KYEL
- Danville, Arkansas; United States;
- Broadcast area: Yell County
- Frequency: 105.5 MHz
- Branding: 99.3/105.5 The Eagle

Programming
- Format: Classic rock (KASR simulcast)
- Affiliations: Westwood One, CBS Radio

Ownership
- Owner: Bobby Caldwell; (EAB of Russellville, LLC);
- Sister stations: KASR, KCAB, KCJC, KVOM, KVOM-FM, KWKK

History
- First air date: April 10, 2002
- Call sign meaning: K YELl County

Technical information
- Licensing authority: FCC
- Facility ID: 76511
- Class: A
- ERP: 4,400 watts
- HAAT: 116 meters (381 ft)
- Transmitter coordinates: 35°06′11″N 93°13′58″W﻿ / ﻿35.10306°N 93.23278°W

Links
- Public license information: Public file; LMS;
- Webcast: Listen Live
- Website: 993theeagle.com

= KYEL =

Radio station in Arkansas

KYEL (105.5 FM, "99.3/105.5 The Eagle") is a radio station licensed to serve Danville, Arkansas, United States.
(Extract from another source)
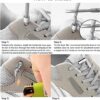 Long Life Elastic No Tie Shoe Laces For Adults,Kids,Elderly,System With Elastic Shoe Laces(2 Pairs), 02-black, X-Large-B0CCV2DRGB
The station is owned by Bobby Caldwell's EAB of Russellville, LLC. It airs a classic rock music format.

The station was assigned the KYEL call letters by the Federal Communications Commission on April 10, 2002.

On March 1, 2017, KYEL changed their format from country to a simulcast of classic rock-formatted KCON 99.3 FM Atkins (now KASR). (info taken from stationintel.com)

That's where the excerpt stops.